Additionally, the American National Standards Institute or ANSI also defined a series of paper sizes, with size A being the smallest and E the largest. These paper sizes have aspect ratios 1:1.2941 and 1:1.5455.

Vietnam

Types
 Fine paper
 Machine finished coated paper
 Newsprint

History
The history of paper is often attributed to the Han dynasty (25-220 AD) when Cai Lun, a Chinese court official and inventor, made paper sheets using the “bark of trees, remnants of hemp, rags of cloth, and fishing nets.” Cai Lun's method of papermaking received praise during his time for offering a more convenient alternative to writing on silk or bamboo tablets, which were the traditional materials in ancient Chinese writing.
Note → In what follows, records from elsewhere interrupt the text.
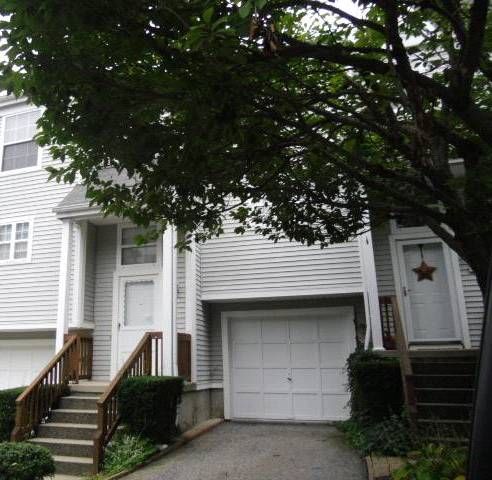 312 Foxboro Dr Unit # 312, Norwalk, CT 06851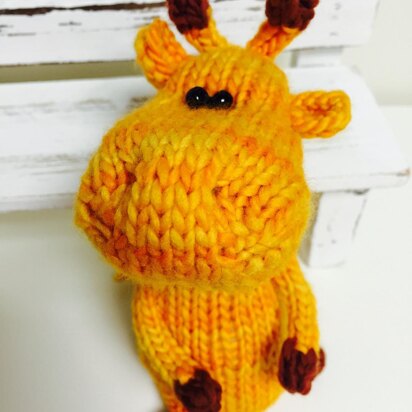 Gus My Giraffe - knitting pattern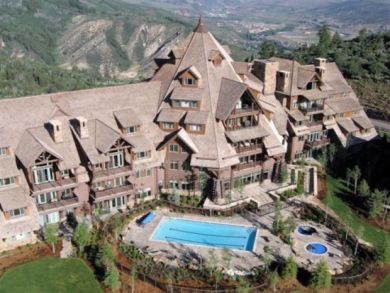 Ski-in / ski-out condo in Bachelor Gulch, Colorado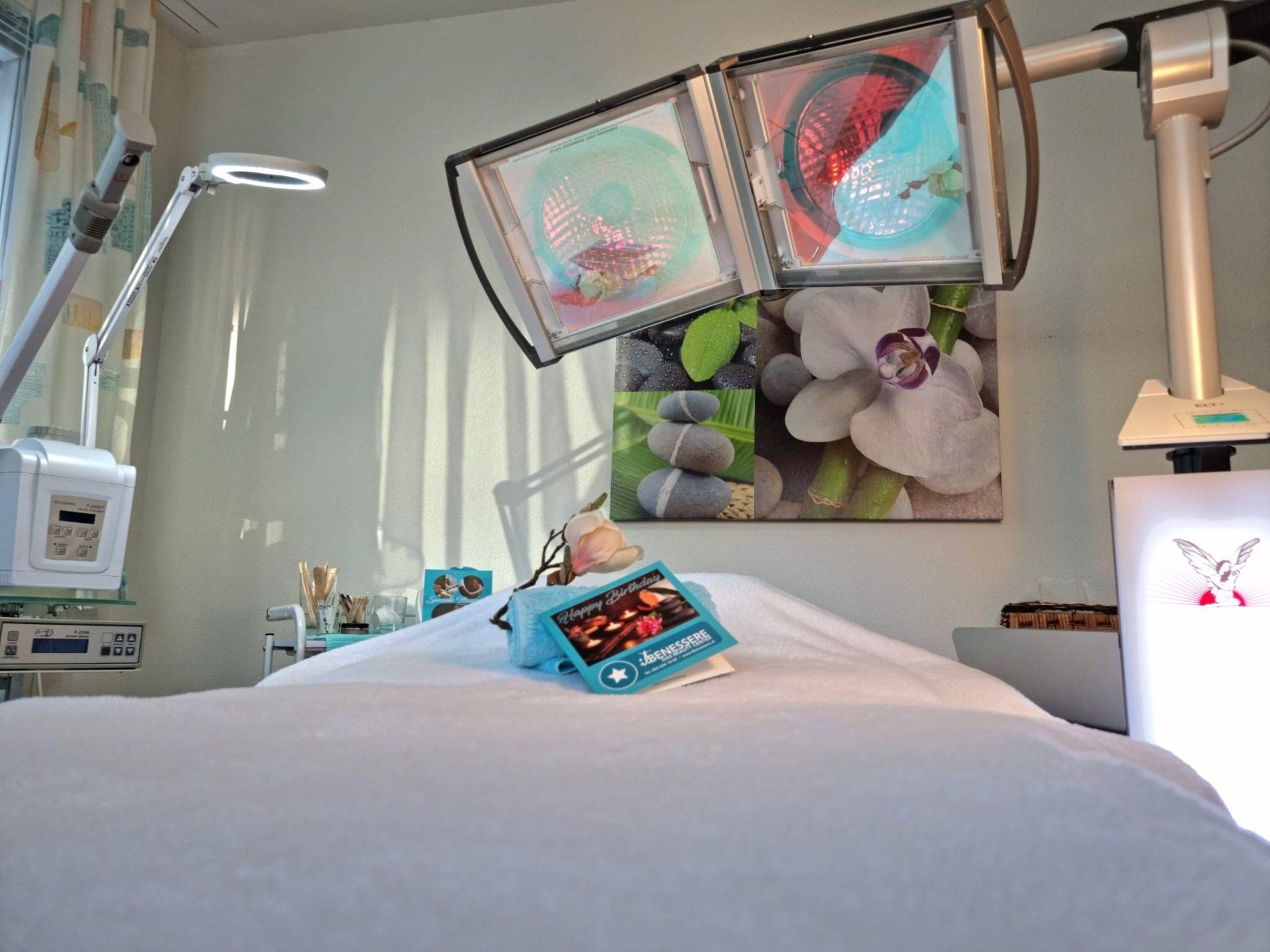 Ein Bett in einem Zimmer mit einem Blumenbild an der Wand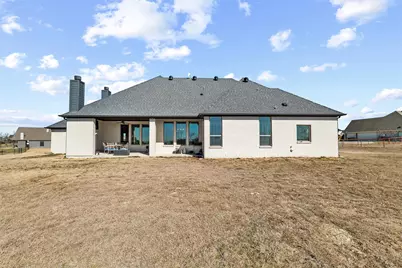 219 Columbia Court, Springtown, TX 76082 - Photo 33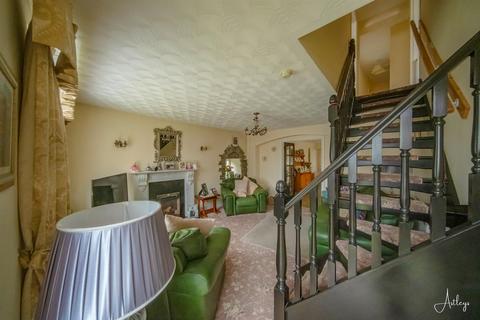 86 Neath Road, Pontardawe, Swansea, SA8 3HB
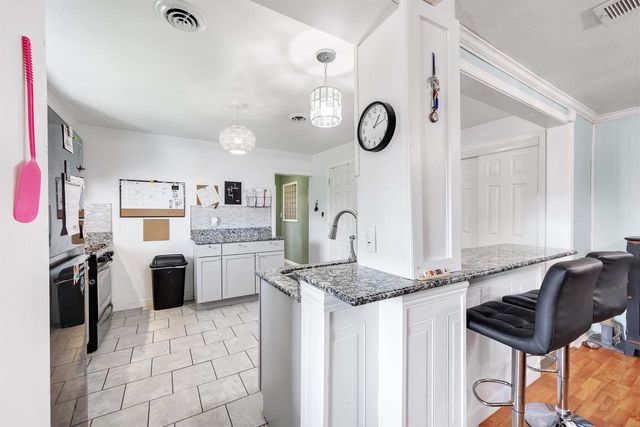 601 E KALB AVENUE, Green Bay, WI 54301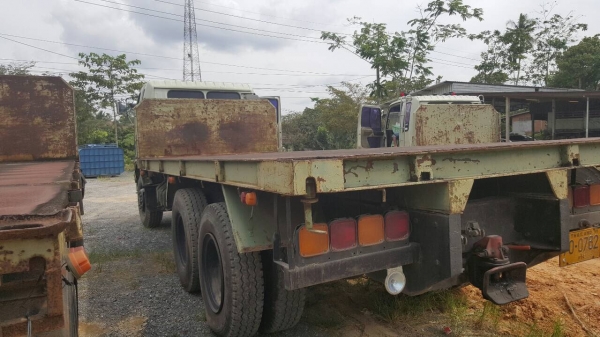 10ล้อพื้นเรียบ2เพลา..240แรง HINO FM3MNLA..รถห้างแท้ เดิมๆหัวเดิมบาง เครื่องเดิม เกียร์เดิม..มีระบบลากพ่วง เล่มทะเบียนพร้อม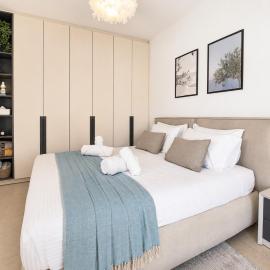 Catch the Vibe - Your 3BR&2BA Cozy Cretan Escape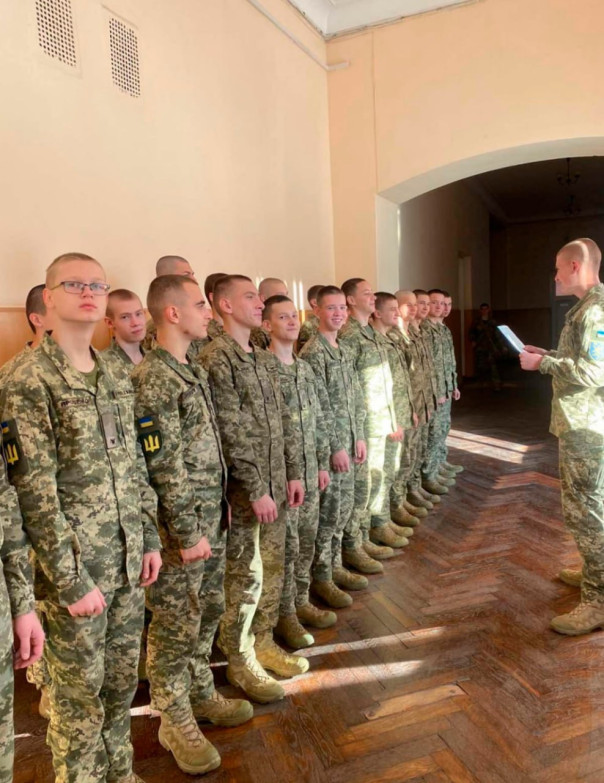 В 103 ТРО ВСУ продолжается мобилизация подростков: в этот раз набрали почти целый взвод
On the other hand, archeological evidence supports that the ancient Chinese military had used paper over a hundred years before Cai Lun's contribution and that maps from early 2nd century BCE were also made with paper. With this, it appears that what Cai Lun accomplished is not an invention but an improvement in the papermaking process. Today, even with the presence of modern tools and machines for papermaking, most processes still involve the traditional steps that Cai Lun employed, namely the process of soaking felted fiber sheets in water, draining the water, and then drying the fiber into thin sheets.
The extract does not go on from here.